(Rochester, N.Y.) – A family has filed a federal lawsuit against the Fairport Central School District, claiming school officials did not do enough to stop bullying.
The lawsuit, filed on behalf of parents who are only identified by their initials in court papers, seeks $1 million in damages. Their son was a student first at Martha Brown Middle School, then at Johanna Perrin, where he transferred because of the alleged bullying.
The court papers describe “persistent peer-to-peer bullying, including sexual harassment.”
In one example, the boy claims he “attempted to stow his violin in his orchestra locker, two lacrosse players approached him and one jammed a lacrosse stick into (his) buttocks.”
The lawsuit refers to numerous meetings between the boy’s parents and school staff, but the bullying allegedly continued and the boy was emotionally and physically distressed. The lawsuit says the district had the attitude of “boys will be boys.”
"This is an issue of national concern. The problem could have been easily addressed. They had plenty of time to address this. Earlier in the year we filed a notice of claim. The only remedy was a lawsuit. This poor kid was agonized," said the family's attorney, Jeff Wicks. "The United States Supreme Court has said once the school district is on notice there is a problem, they are responsible."
Fairport Superintendent Jon Hunter said he was surprised by the lawsuit.
"This is a student we are very concerned about,” said Hunter. “We have worked very hard with the student and his parents to meet his needs...We are still going to work very hard to serve this young man."
As awareness about bullying increases, these kinds of lawsuits are on the rise nationwide.
“It’s a big, growing area of law,” said local civil rights attorney Christina Agola.

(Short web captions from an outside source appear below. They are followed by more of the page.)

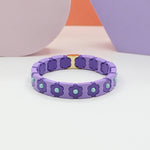 Load image into Gallery viewer, Bohemian Floral Cuff Enamel Steel Elastic DIY Plated S5P085
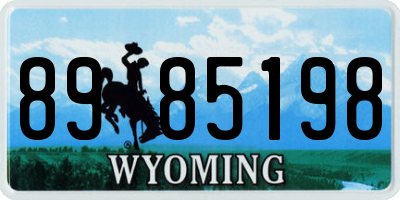 WY license plate 8985198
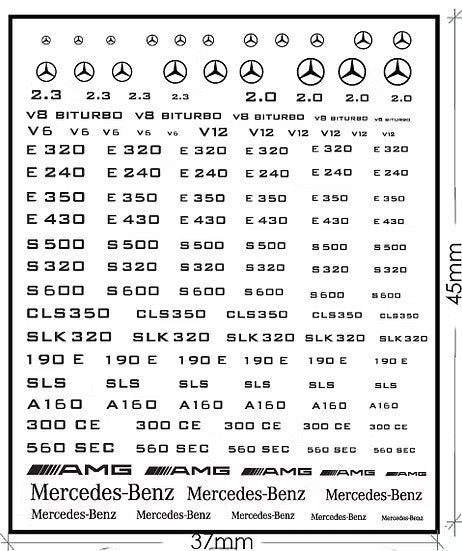 ZoomOn ZD027 1/24 - 1/43 メルセデスベンツ ロゴ メタルステッカー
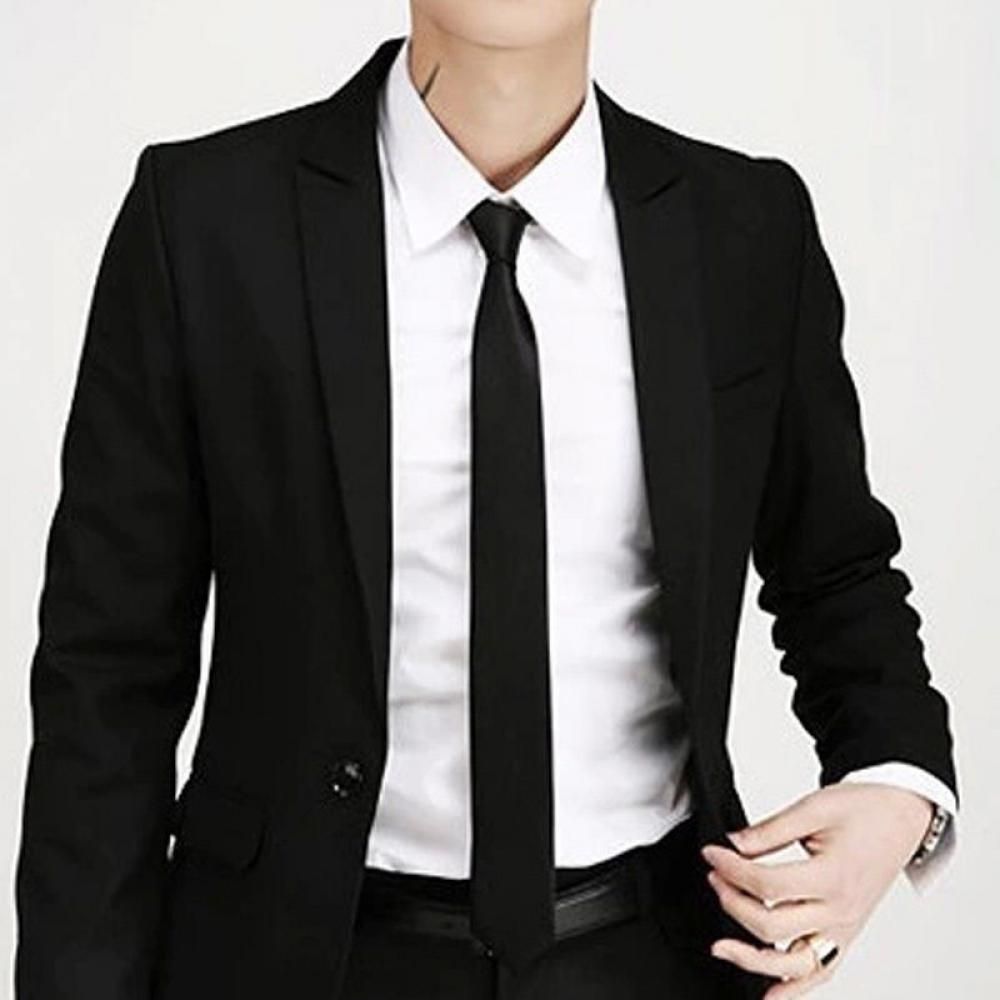 ファッションカジュアルスリム無地メンズソリッドスキニーネック - Skinny Tie Men のレビューと価格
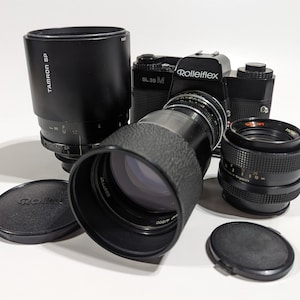 Rolleiflex SL35M, Zeiss, Rollei, and Tamron lenses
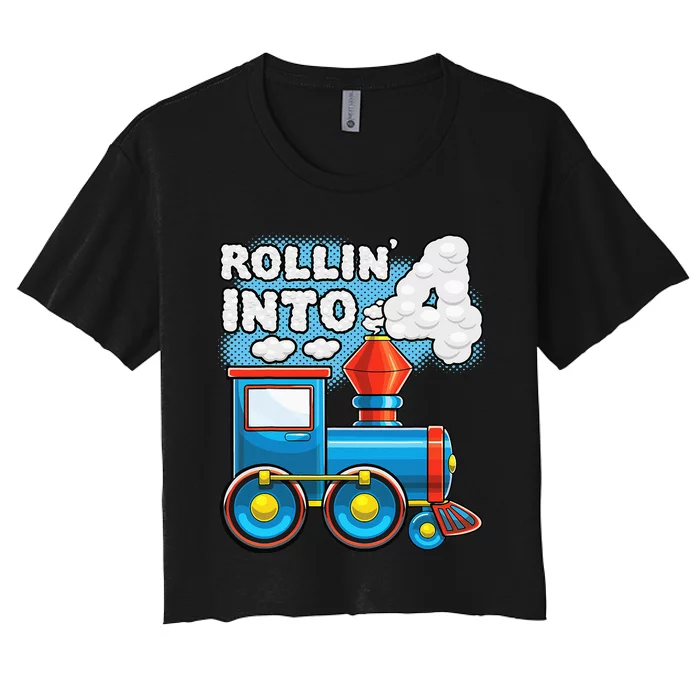 Rollin Into 4 Train 4th Birthday Party Supply Birthday Boy Women's Crop Top Tee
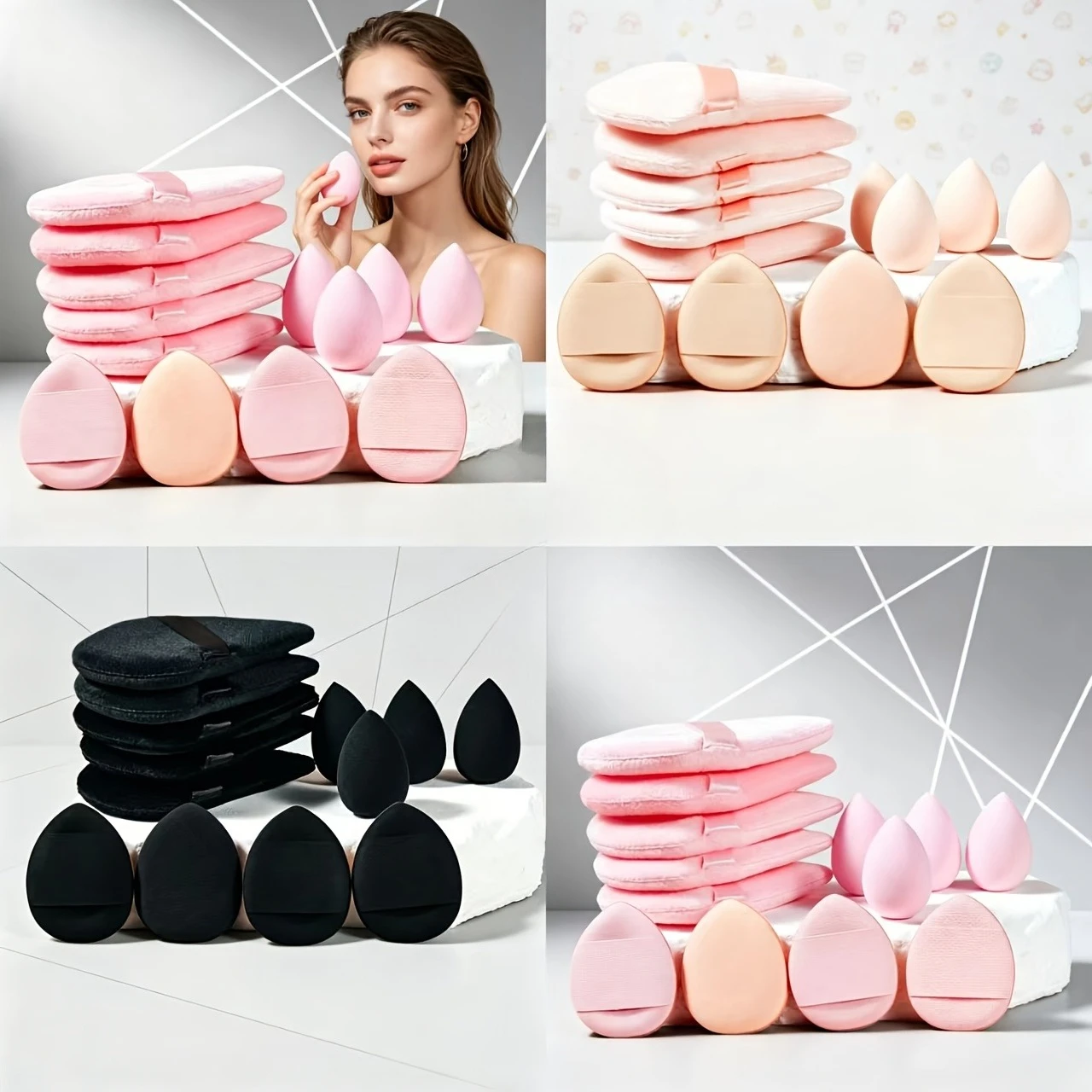 Conjunto de 13 Esponjas e Puffs de Maquiagem, Puffs e Esponjas Grandes e Mini, para Base em Pó e Contorno, Sem Látex, Presente para Viagem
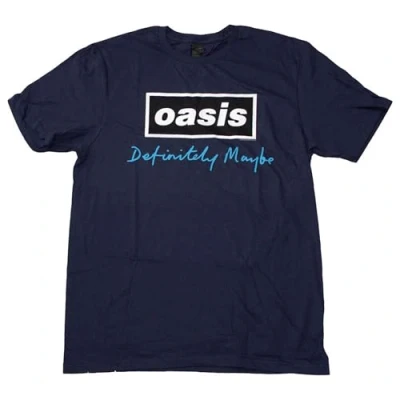 Afbeelding van Rock Off officially licensed products Oasis Definitely Maybe Text Logo T shirt, marineblauw, Blauw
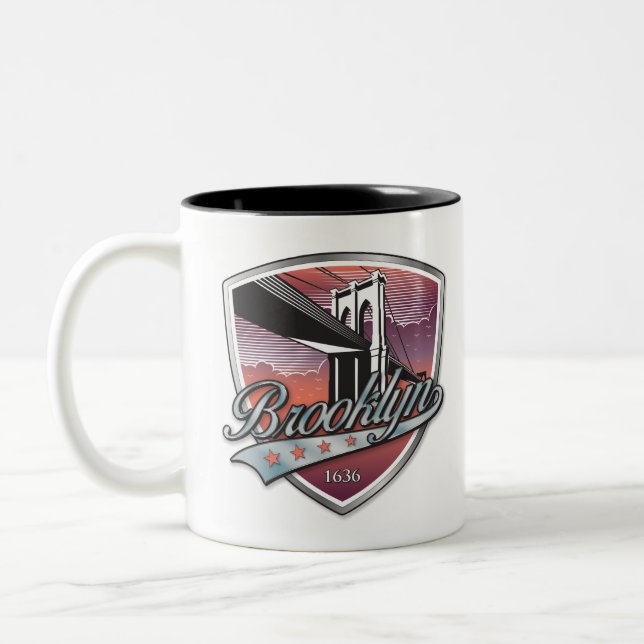 Brooklyn Design Silver Two-Tone Coffee Mug (Left)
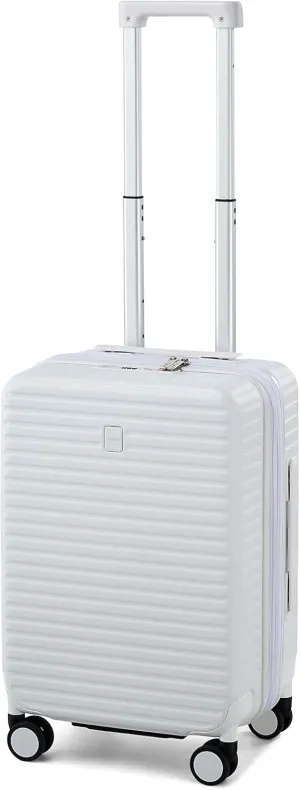 Hard Shell Suitcases Airline Approved 20 Inch Carry on Luggage, Expandable Travel Luggage Carry on Luggage with Cup Holder Charger Built in, Lightweight Small Suitcases with Wheels, White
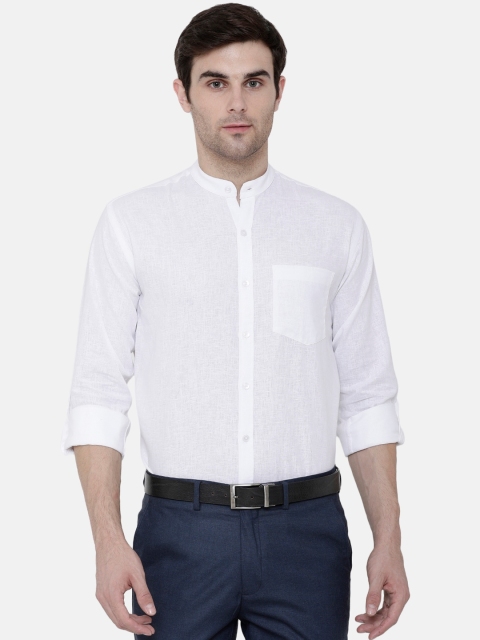 

CAVALLO by Linen Club Men Cotton Linen White Regular Fit Solid Sustainable Formal Shirt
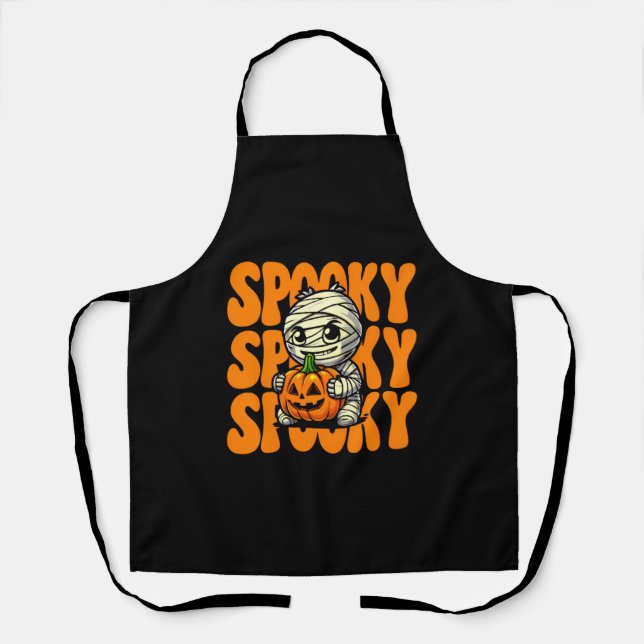 Spooky  Mummy Hugging Pumpkin Halloween Apron (Front)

Agola filed a bullying-related lawsuit against the Marion Central School District late last year. The lawsuit was settled in May. Agola said there was financial compensation, but would not give specifics. 13WHAM News filed a Freedom of Information request with the Marion superintendent to learn more about the settlement.
Agola said under the law, school districts must provide a safe, harassment-free environment.
“If they knew or should have known of the harassment or the bullying and took no remedial action to correct it, that opens the door to liability,” said Agola. “There are a whole panoply of tools a school district can use that have control over the students, to regulate the conduct of those people that it knows are in their boundaries and are committing offending acts.”